Report: Blacklist to target secessionists
The Chinese mainland is formulating a blacklist of “Taiwan independence” secessionists who will be held accountable for their actions for life, according to a report by Ta Kung Pao, a Chineselanguage newspaper published in Hong Kong.
“Strict sanctions” and other measures will be pursued against “stubborn secessionists” who make blatant statements or engage in vicious acts seeking “Taiwan independence” and their financial backers, the newspaper reported on Sunday, citing an anonymous authority.
The secessionists will be brought to justice in accordance with the Anti-Secession Law, the Criminal Law and the National Security Law and they will be held accountable for life, the report said.
Li Zhenguang, a professor at the Institute of Taiwan Studies at Beijing Union University, said those politicians on the island who have declared their “Taiwan independence” stance in public are most likely to be included in the blacklist.
Li said examples are Lai Chingte, deputy leader of Taiwan, who has explicitly declared himself a “worker for Taiwan independence” and said the island is “an independent country”, Su Tseng-chang, chief of the island’s executive body and Yu Shyi-kun, head of the island’s “legislative yuan”, who have blatantly promoted “Taiwan independence”.
Those who support Taiwan secessionists politically or economically will also be affected, including some executives who run businesses on the mainland but provide funds for secessionists on the island, Li said.
“Although the move is aimed at a small number of stubborn secessionists, and ordinary people in Taiwan are not included, it’s time for people in Taiwan to think seriously about whether they support ‘Taiwan independence’,” he added.

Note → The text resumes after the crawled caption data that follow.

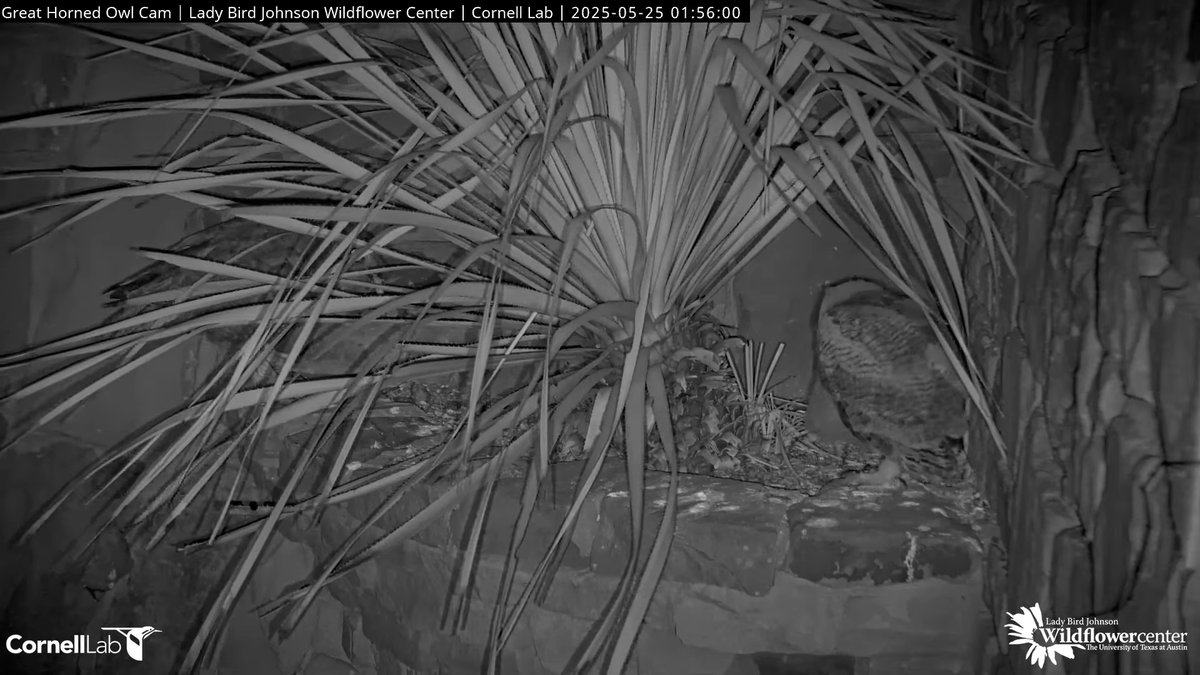 00:15 and 01:56, 5/25   Two more prey drops .... good eating on the ledge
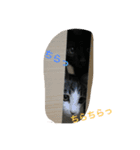 猫さんたちの日常（個別スタンプ：5）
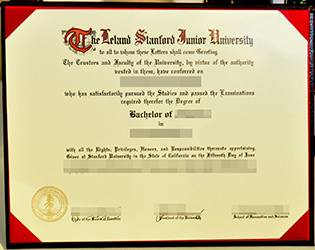 fake Stanford University degree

Being highly vigilant and resolute in containing separatist activities aimed at “Taiwan independence” has been written in the Party leadership’s proposals for formulating the 14th Five-Year Plan (2021-25) for National Economic and Social Development and the Long-Range Objectives Through the Year 2035.
“It means that for a long time, it will become an important part of the mainland’s work with Taiwan to resolutely and effectively contain the secession of ‘Taiwan independence’,” Li said.

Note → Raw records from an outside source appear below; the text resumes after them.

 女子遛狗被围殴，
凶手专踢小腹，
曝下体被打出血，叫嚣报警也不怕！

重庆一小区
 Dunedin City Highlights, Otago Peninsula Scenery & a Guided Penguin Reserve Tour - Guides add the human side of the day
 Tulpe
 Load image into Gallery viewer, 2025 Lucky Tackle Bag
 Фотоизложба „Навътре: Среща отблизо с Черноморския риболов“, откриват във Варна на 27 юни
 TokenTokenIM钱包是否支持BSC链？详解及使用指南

“The mainland will make full preparations to resist secessionist acts, but also take practical measures to respond to and strike at provocations of ‘Taiwan independence’,” he added.

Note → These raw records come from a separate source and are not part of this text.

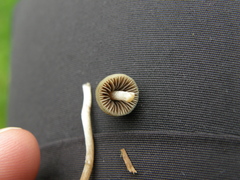 Psilocybe semilanceata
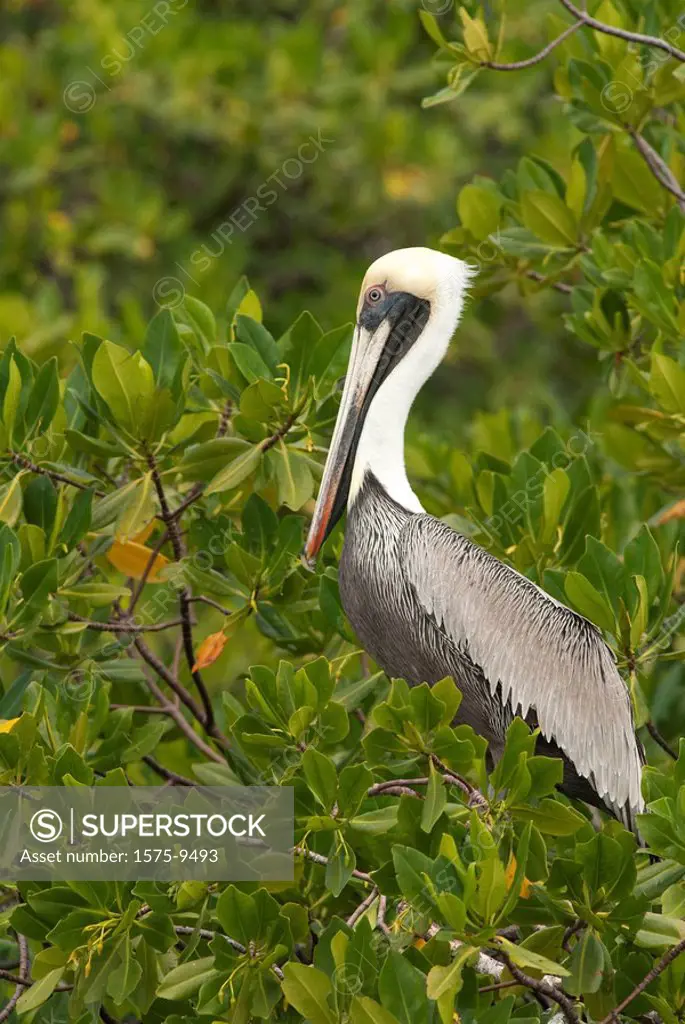 Brown Pelican, Osa Peninsula, Costa Rica, Central America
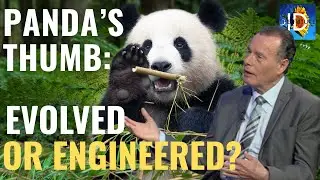 Evolved or Engineered? A Geneticist Evaluates the Panda's Thumb
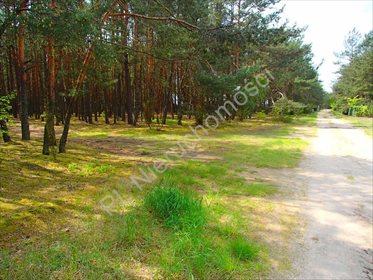 działka na sprzedaż 2318m2 działka Rynia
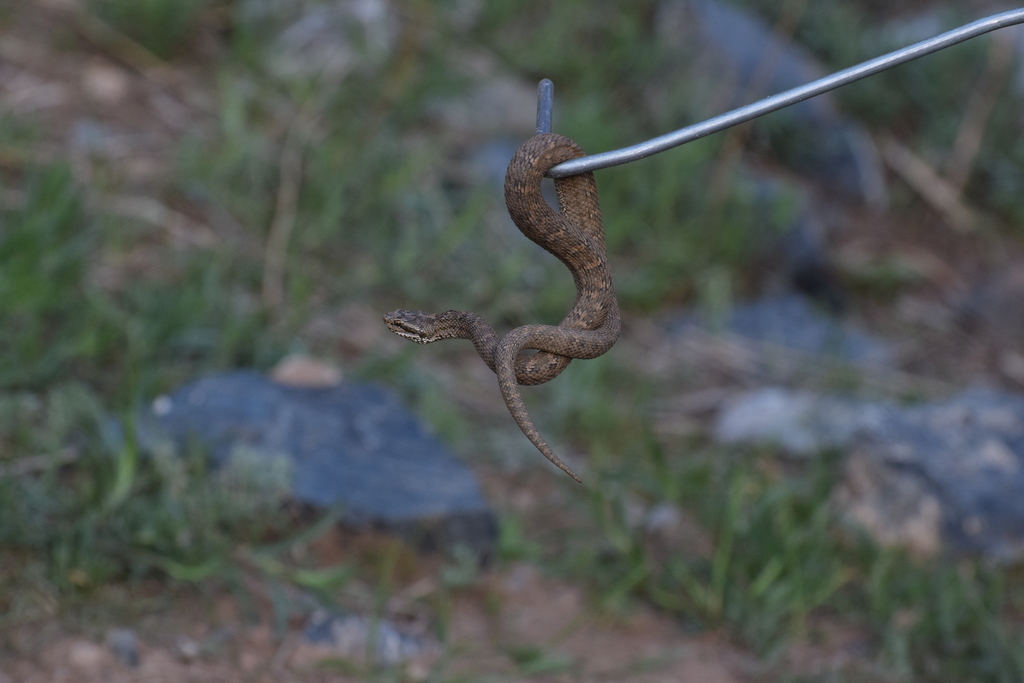 Alai Pit Viper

That Beijing has not denied reports that it is drafting a list of those seeking the secession of Taiwan has fueled speculation that those on the list and their patrons will be held accountable under the AntiSecession Law, the Criminal Law and the National Security Law.
The legitimacy of such a list is beyond doubt. As the country’s legal system has matured, all of the three aforementioned laws have specific articles on secessionist activities.
Should the list be drawn up, it will be a warning to those pursuing the separation of the island from the motherland. Those who have been threatening the country’s sovereignty and territorial integrity have been doing so with impunity for too long.
Since the Tsai Ing-wen-led Democratic Progressive Party took power on the island in 2016, the once positive momentum of cross-Straits exchanges and dialogues has been halted thanks to Tsai’s refusal to acknowledge the one-China principle.
Emboldened by the anti-China policies of the US administration, the secessionists on the island have misjudged the situation, attempting to “go at full speed” toward “Taiwan independence”.
Reaching out for a yard after taking an inch, the island’s administration is trying to take advantage of the US administration’s China containment policies to advance its secessionist cause.
Its collusion with the United States, and its efforts to amend the “Constitution” and organize a “referendum” on the island have all constituted open challenges to the Chinese mainland’s bottom line of defending the country’s sovereign and territorial integrity.
Once it is implemented, the secessionist list system will not only be a grave warning to the secessionists and their patrons — who will find their lives becoming different on the island and even beyond — and a deterrent to their potential followers, but also a reminder to the rest of the world to shun them.
That being said, the list will enable the mainland to make better-targeted and more focused counter-secessionist moves, which will be conducive to preventing the island’s law-abiding residents from being unnecessarily punished, as well as avoiding the worst-case scenario of force being the only way to resolve the Taiwan question.
Those secessionists fancying that the Taiwan Straits is a geographical protective screen will soon find that the mainland has already developed the necessary capacity to bring them to justice even before national reunification.